Climate change will stress sewer systems
By Jeff Kart
Bay City Times
Published April 6, 2007
Climate change is expected to drive more harmful sewage into the Great Lakes unless officials build extra capacity into wastewater treatment systems, a federal study says.
But Michigan communities in the Saginaw Bay area and elsewhere aren't accounting for climate change when they go about constructing and upgrading wastewater plants that are expected to last far into the future.
State Department of Environmental Quality leaders will be examining a draft ''screening assessment'' released for comment last month by the U.S. Environmental Protection Agency.
But for now, state standards for wastewater treatment systems are based on past precipitation events, said DEQ engineer Thomas Knueve in Lansing.
The EPA study says standards also should represent predictions of future conditions, including more intense rain events forecasted for the Great Lakes region in coming decades.

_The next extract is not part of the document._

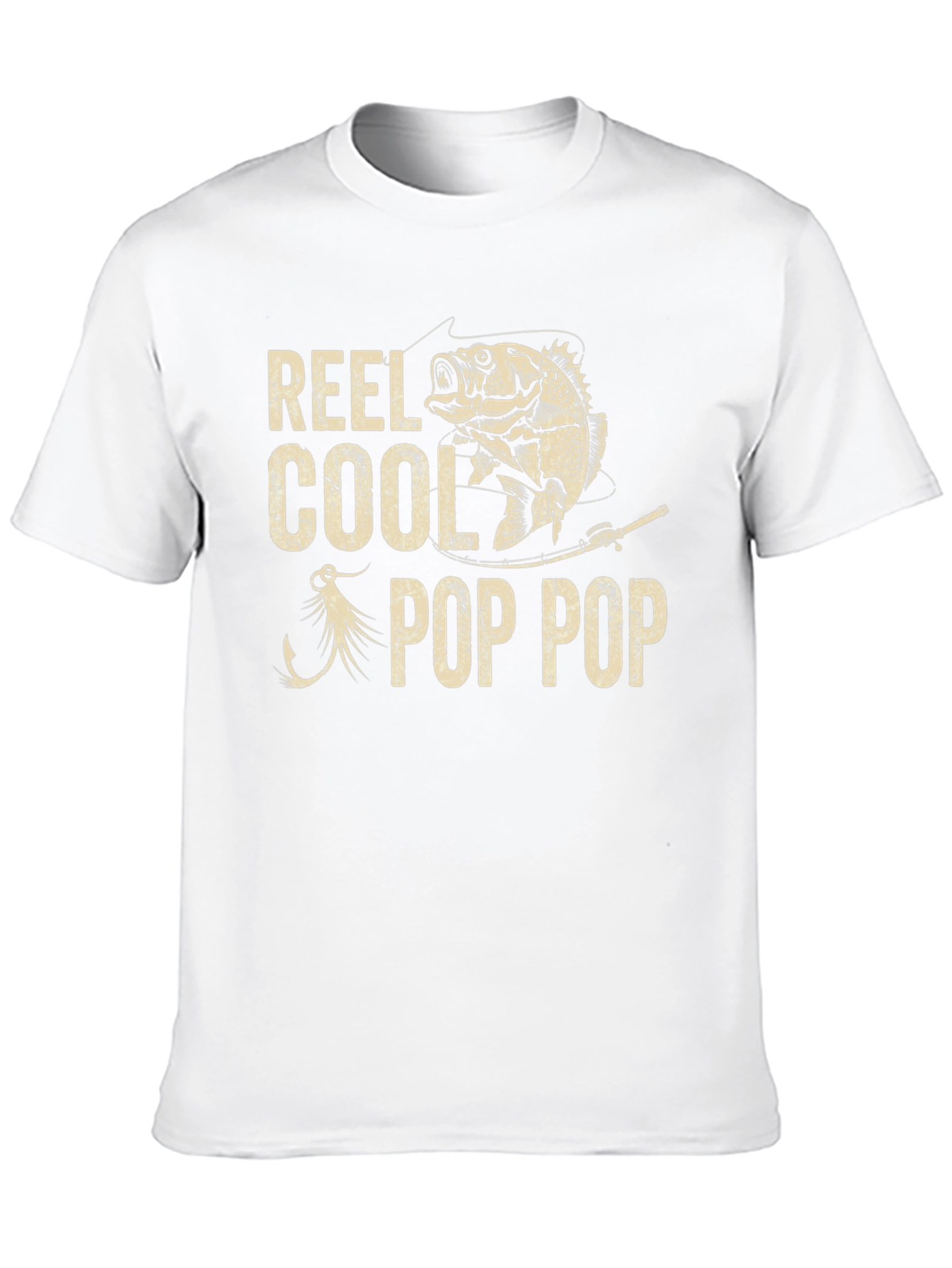 Camiseta Negra Reel Cool Pop Pop Pesca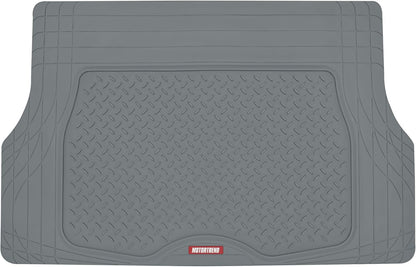 Motor Trend Heavy Duty Utility Cargo Liner Floor Mats for Car Truck SUV, Trimmable to Fit Trunk, All Weather Protection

Systems that don't account for a changing climate won't perform as expected, because the proportion of rainfall during storms is expected to increase, resulting in more stormwater runoff, EPA officials say.
At the same time, increased air temperatures, evaporation and other factors are expected to mean that wastewater discharged will be less diluted and more harmful to ecosystems.
Knueve said the study makes sense, and could affect state design standards in the future.
But more data is needed.
''It's hard to change the standards, saying you're going to change it based on future theory,'' he said. ''Until it happens, you can't really say 'I'm going to change my standard.'''
Sewer projects under way, almost completed or planned for construction soon in the area include upgrades in Tuscola County's Denmark Township; Gladwin County's Billings Township; Sebewaing, Bad Axe and Harbor Beach in Huron County; Oakley in Saginaw County; and Sandusky, Croswell, Marlette and Snover in Sanilac County, said Thomas McDowell, a DEQ engineer in Bay City.
None of those projects are being built to deal with climate change, state officials say.
During intense rain events, the capacity of combined sewer systems, like those in Bay City, Essexville and Saginaw, can be exceeded, resulting in the discharge of tens of millions of gallons of partially treated wastewater. On Thursday night, the Saginaw Wastewater Treatment Plant reported an overflow of almost 83 million gallons of partially treated sewage into the Saginaw River.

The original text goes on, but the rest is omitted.